[EXERCISE PROMPT] Please repeat, from the entries that follow, the lines from the one containing "图片新兵训练武警第一机动总队官兵谈心图片武警第二机动总队部队谈心" through the one containing "Toyota PROACE CITY" exactly, adding nothing.

[INPUT RECORDS]
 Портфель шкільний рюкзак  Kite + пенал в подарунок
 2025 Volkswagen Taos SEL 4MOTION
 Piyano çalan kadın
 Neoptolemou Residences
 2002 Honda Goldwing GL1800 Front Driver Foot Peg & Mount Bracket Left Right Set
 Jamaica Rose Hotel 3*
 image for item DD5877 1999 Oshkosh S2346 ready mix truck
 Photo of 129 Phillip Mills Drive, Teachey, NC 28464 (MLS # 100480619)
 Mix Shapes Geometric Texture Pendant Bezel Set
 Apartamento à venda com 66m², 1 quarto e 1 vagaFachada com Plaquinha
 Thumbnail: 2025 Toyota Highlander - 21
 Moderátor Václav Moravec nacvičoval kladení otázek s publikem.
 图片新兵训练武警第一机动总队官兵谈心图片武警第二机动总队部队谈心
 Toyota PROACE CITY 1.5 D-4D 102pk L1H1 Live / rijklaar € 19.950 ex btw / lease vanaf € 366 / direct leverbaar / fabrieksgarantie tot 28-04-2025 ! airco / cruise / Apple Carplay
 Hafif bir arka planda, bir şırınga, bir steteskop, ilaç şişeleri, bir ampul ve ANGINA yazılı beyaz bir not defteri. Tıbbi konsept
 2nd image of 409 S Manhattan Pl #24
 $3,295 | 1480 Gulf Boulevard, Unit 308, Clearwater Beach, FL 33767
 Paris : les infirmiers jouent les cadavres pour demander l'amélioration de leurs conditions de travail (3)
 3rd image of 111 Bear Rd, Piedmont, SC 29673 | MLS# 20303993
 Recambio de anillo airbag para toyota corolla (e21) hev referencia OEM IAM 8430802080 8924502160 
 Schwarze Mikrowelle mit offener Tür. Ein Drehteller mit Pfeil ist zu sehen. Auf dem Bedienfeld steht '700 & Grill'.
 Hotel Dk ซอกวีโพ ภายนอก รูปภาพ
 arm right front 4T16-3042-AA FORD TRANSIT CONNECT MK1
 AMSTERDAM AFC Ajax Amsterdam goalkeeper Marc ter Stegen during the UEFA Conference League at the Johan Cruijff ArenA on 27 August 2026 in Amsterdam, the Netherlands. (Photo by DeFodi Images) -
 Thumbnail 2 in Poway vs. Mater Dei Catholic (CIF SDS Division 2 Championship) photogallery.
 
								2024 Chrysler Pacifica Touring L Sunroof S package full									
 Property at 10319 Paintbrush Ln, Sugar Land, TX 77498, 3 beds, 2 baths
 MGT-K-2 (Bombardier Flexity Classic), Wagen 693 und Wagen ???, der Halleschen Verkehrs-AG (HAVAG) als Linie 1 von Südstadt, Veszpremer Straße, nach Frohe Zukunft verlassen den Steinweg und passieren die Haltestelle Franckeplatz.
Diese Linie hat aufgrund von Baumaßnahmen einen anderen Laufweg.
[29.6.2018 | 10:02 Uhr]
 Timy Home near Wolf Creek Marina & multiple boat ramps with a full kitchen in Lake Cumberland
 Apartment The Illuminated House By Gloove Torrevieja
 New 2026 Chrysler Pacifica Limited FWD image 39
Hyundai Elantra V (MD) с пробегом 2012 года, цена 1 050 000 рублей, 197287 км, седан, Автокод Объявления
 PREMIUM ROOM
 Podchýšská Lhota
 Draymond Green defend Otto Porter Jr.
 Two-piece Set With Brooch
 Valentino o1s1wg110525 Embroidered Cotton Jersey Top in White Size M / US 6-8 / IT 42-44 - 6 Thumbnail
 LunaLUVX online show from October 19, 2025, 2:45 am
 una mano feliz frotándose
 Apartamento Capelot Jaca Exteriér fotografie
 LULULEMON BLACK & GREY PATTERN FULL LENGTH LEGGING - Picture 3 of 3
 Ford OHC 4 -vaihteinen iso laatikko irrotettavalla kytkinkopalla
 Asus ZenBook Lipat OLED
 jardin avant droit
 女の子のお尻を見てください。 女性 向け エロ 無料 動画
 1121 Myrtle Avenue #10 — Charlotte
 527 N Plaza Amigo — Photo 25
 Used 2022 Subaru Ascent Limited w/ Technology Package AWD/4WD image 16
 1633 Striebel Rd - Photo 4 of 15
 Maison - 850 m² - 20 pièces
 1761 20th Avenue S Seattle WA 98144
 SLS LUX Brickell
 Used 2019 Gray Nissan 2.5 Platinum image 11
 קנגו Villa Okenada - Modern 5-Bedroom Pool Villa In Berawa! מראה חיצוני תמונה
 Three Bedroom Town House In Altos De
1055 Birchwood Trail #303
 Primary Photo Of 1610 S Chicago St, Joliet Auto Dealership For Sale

[OUTPUT OF THE TASK]
 图片新兵训练武警第一机动总队官兵谈心图片武警第二机动总队部队谈心
 Toyota PROACE CITY 1.5 D-4D 102pk L1H1 Live / rijklaar € 19.950 ex btw / lease vanaf € 366 / direct leverbaar / fabrieksgarantie tot 28-04-2025 ! airco / cruise / Apple Carplay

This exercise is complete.